A new book from Jan Jenkins, the mother of a victim of the Smiley Face Killer, has got College News thinking: Are college campuses prime locations for serial killers to stalk their prey?
The Zodiac killer attacked his young victims in Northern California in the 1960s. Before these anonymous slayings, college-aged students were not particularly targeted for mass murders. There are few motives to kill someone between the ages of 18-24, until the Zodiac Killer began leaving his cryptogram mark all over San Francisco.
Cheri Jo Bates, an 18-year-old student at Riverside City College in California, was returning to her car from studying in the library. When she tried to start the engine, she was unsuccessful. Upon inspecting under the hood, Bates gave in to a ride from a stranger. This stranger just so happened to be the Zodiac Killer, and Bates was his next victim.
They rode past the library and sat in the car conversing for quite some time. Then strangers heard her shrilling scream. The killer attacked Bates, slashing her three times across the throat, choking her, beating her and then cutting her across the face. To this day, the Zodiac Killer has not been arrested.
Fast forward to almost 40 years later, and Natalee Holloway disappears. Holloway, an 18-year-old incoming freshman to Alabama University leaves after high school graduation for an unofficial senior trip with 124 classmates and 7 chaperones. Just like any other Aruba- bound celebrating teen,
Holloway began drinking early and continued all day. Holloway was last seen leaving an Aruban bar and nightclub around 1:30 a.m. May 30th, 2005. She carelessly got in a car with 3 young men she had met earlier in the evening.
Holloway was scheduled to fly home to Alabama later that Monday, but never made it to the airport. Her packaged luggage and untouched passport were found in her room.
After extensive and grueling search, arrests, then releases, Holloway’s body has yet to be found.
Two years later on the New England coast, Suzanne Jovin a 21-year-old senior at Yale is found stabbed to death.
On Jovin’s last night, she attended a pizza party she organized for the school, then drove a friend home in a Yale issued station wagon. Jovin ran in to a classmate at 9:22 p.m. Jovin’s friend recalled her saying she was “very tired and looking forward to a lot of sleep.” A passerby called police at 9:55 when they walked up to a woman bleeding, face down on the sidewalk. When the police arrived four minutes later, they found Jovin fatally stabbed 17 times in the back of the head and her throat slit. She was pronounced dead at 10:26 at Yale New Haven hospital.

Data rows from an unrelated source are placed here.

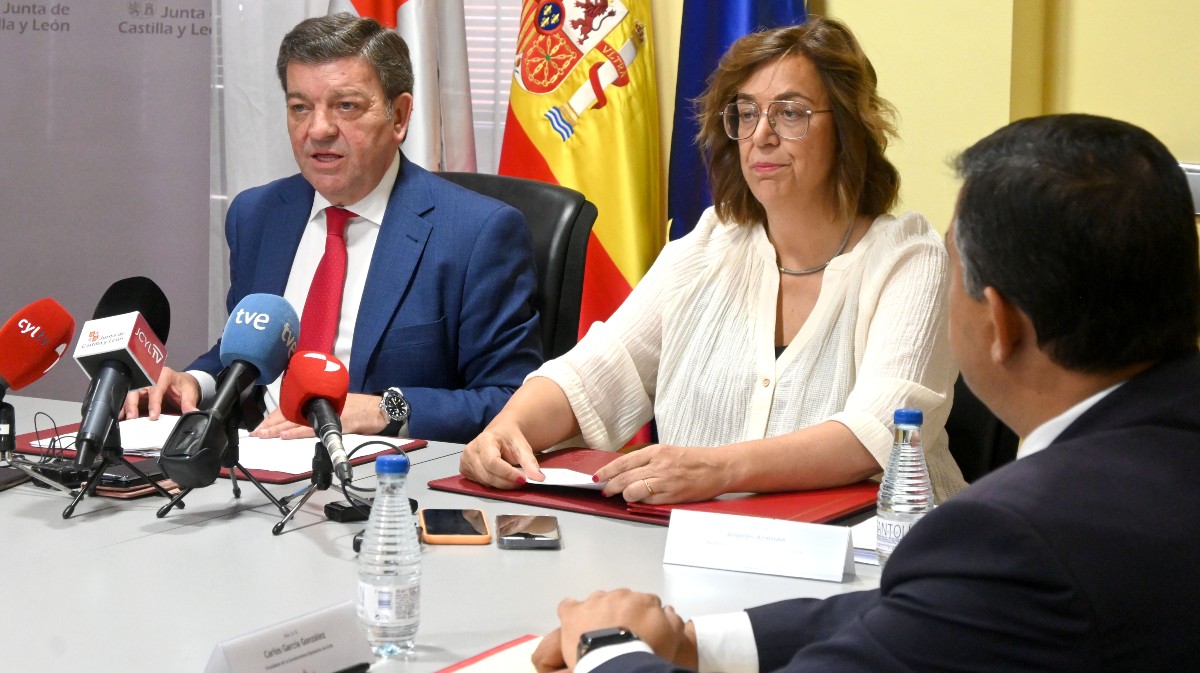 El consejero de Presidencia y la presidenta de la FRMPCyL en la reunión con los presidentes de diputaciones.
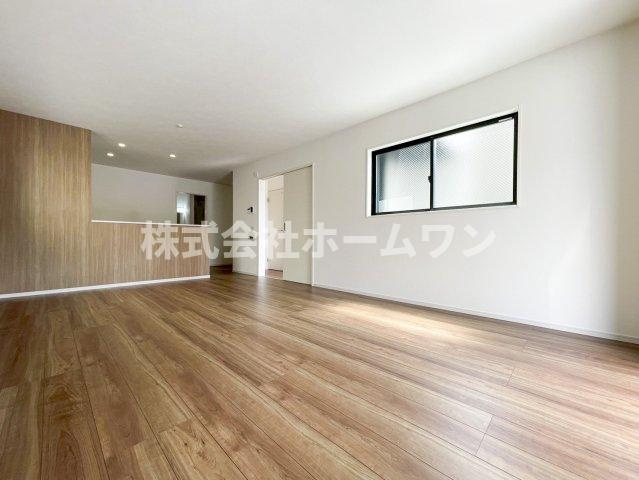 青梅市新町6期　新築戸建の居間・リビング|ゆったりとしたリビングです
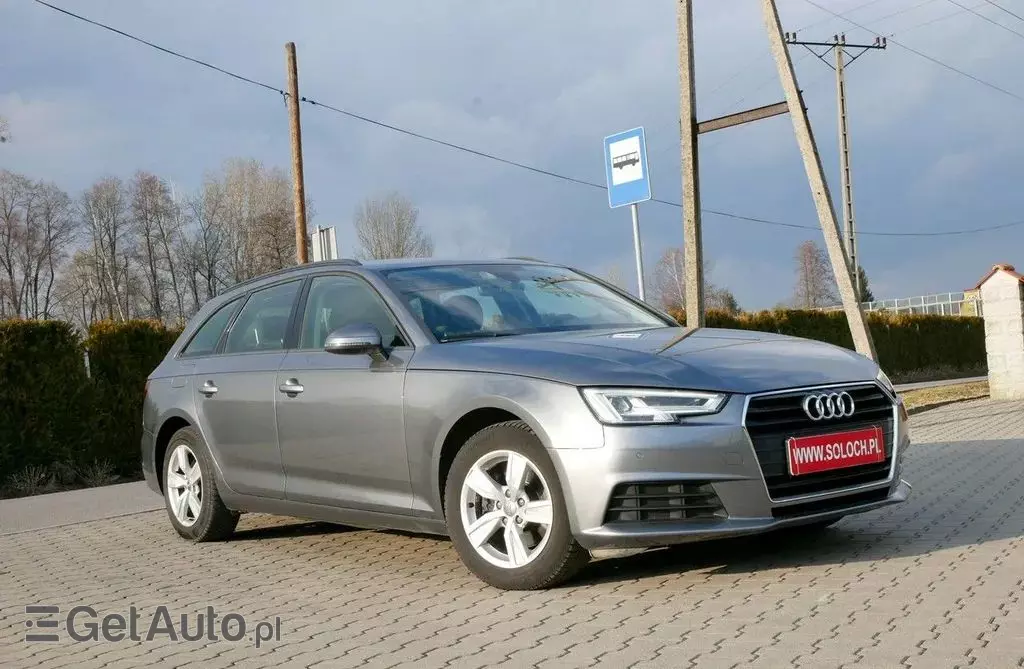 AUDI A4 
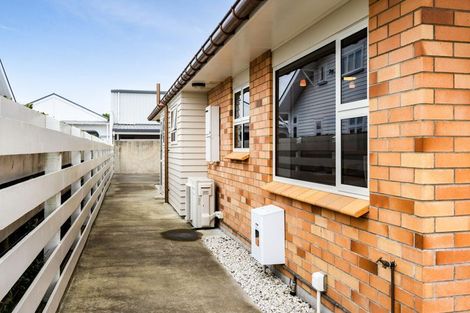 Photo of property in 11 Grey Street, Hawera, 4610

Suspects included Jovin’s thesis adviser, James Van de Velde ,based on a tip that the two were engaged in an illicit affair. Van de Velde has since been cleared from the investigation.
But it’s not just women these killers are after--take Trevor Boehm for example. Boehm was a 20-year-old attending Northwestern University in Illinois.
On November 8th, 2008 Boehm’s parents arrive in Evanston, IL for family weekend only to find that Boehm was missing. He had not been in his residence hall or used his dining card in four days. On November 16, 2008, Boehm’s body was found in Lake Michigan, seven miles south of Northwestern University. Police believe Boehm’s cause of death was drowning, but the Boehm family believes there was foul play.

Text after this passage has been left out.